You Zerui, Wang Chengyu, Lan Xiaofeng, Li Weicheng, Shang Dewei, Zhang Fan, Ye Yanxiang, Liu Haiyan, Zhou Yanling, Ning Yuping
The First School of Clinical Medicine, Southern Medical University, Guangzhou, China; Department of Child and Adolescent Psychiatry, The Affiliated Brain Hospital of Guangzhou Medical University, Guangzhou, China; Key Laboratory of Neurogenetics and Channelopathies of Guangdong Province and the Ministry of Education of China, Guangzhou Medical University, Guangzhou, China; Guangdong Engineering Technology Research Center for Translational Medicine of Mental Disorders, Guangzhou, China.
Department of Child and Adolescent Psychiatry, The Affiliated Brain Hospital of Guangzhou Medical University, Guangzhou, China; Key Laboratory of Neurogenetics and Channelopathies of Guangdong Province and the Ministry of Education of China, Guangzhou Medical University, Guangzhou, China; Guangdong Engineering Technology Research Center for Translational Medicine of Mental Disorders, Guangzhou, China.
Prog Neuropsychopharmacol Biol Psychiatry. 2024 Jan 10;128:110849. doi: 10.1016/j.pnpbp.2023.110849. Epub 2023 Sep 1.
Approximately one-third of major depressive disorder (MDD) patients do not respond to standard antidepressants and develop treatment-resistant depression (TRD). We aimed to reveal metabolic differences and discover promising potential biomarkers in TRD.
Our study recruited 108 participants including healthy controls (n = 40) and patients with TRD (n = 35) and first-episode drug-naive MDD (DN-MDD) (n = 33). Plasma samples were presented to ultra performance liquid chromatography-tandem mass spectrometry. Then, a machine-learning algorithm was conducted to facilitate the selection of potential biomarkers.
TRD appeared to be a distinct metabolic disorder from DN-MDD and healthy controls (HCs). Compared to HCs, 199 and 176 differentially expressed metabolites were identified in TRD and DN-MDD, respectively. Of all the metabolites that were identified, spermine, spermidine, and carnosine were considered the most promising biomarkers for diagnosing TRD and DN-MDD patients, with the resulting area under the ROC curve of 0.99, 0.99, and 0.93, respectively.

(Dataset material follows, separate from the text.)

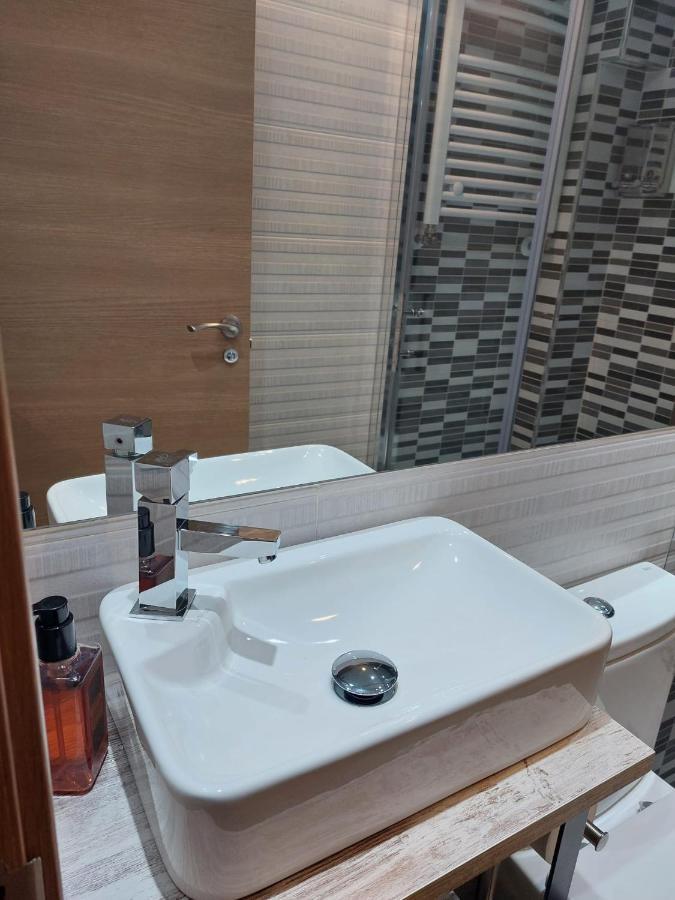 Apartamentos Deluxe Barajas Madrid Eksteriør bilde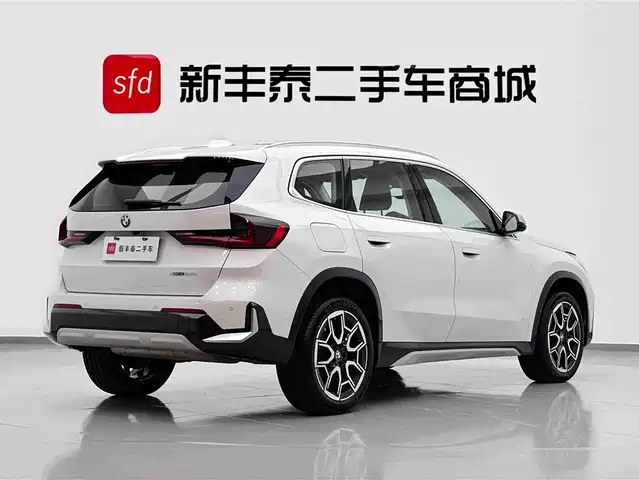 BMW X1 2023 sDrive25Li X Design Package — фото 5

Metabolic pathway analysis yielded compelling evidence of marked changes or imbalances in both polyamine metabolism and energy metabolism, which could potentially represent the primary altered pathways associated with MDD. Additionally, L-glutamine, Beta-alanine, and spermine were correlated with HAMD score.
A more disordered metabolism structure is found in TRD than in DN-MDD and HCs. Future investigations should prioritize the comprehensive analysis of potential roles played by these differential metabolites and disturbances in polyamine pathways in the pathophysiology of TRD and depression.
约三分之一的重度抑郁症(MDD)患者对标准抗抑郁药无反应,并发展为难治性抑郁症(TRD)。我们旨在揭示TRD中的代谢差异,并发现有前景的潜在生物标志物。
我们的研究招募了108名参与者,包括健康对照者(n = 40)、TRD患者(n = 35)和首发未用药的MDD患者(DN-MDD)(n = 33)。血浆样本采用超高效液相色谱-串联质谱法进行分析。然后,运用机器学习算法来辅助筛选潜在的生物标志物。
TRD似乎是一种与DN-MDD和健康对照者(HCs)不同的代谢紊乱疾病。与HCs相比,在TRD和DN-MDD中分别鉴定出199种和176种差异表达的代谢物。在所有鉴定出的代谢物中,精胺、亚精胺和肌肽被认为是诊断TRD和DN-MDD患者最有前景的生物标志物,其ROC曲线下面积分别为0.99、0.99和0.93。代谢途径分析提供了令人信服的证据,表明多胺代谢和能量代谢均发生了显著变化或失衡,这可能是与MDD相关的主要改变途径。此外,L-谷氨酰胺、β-丙氨酸和精胺与汉密尔顿抑郁量表(HAMD)评分相关。
与DN-MDD和HCs相比,TRD中发现了更紊乱的代谢结构。未来的研究应优先全面分析这些差异代谢物和多胺途径紊乱在TRD和抑郁症病理生理学中所起的潜在作用。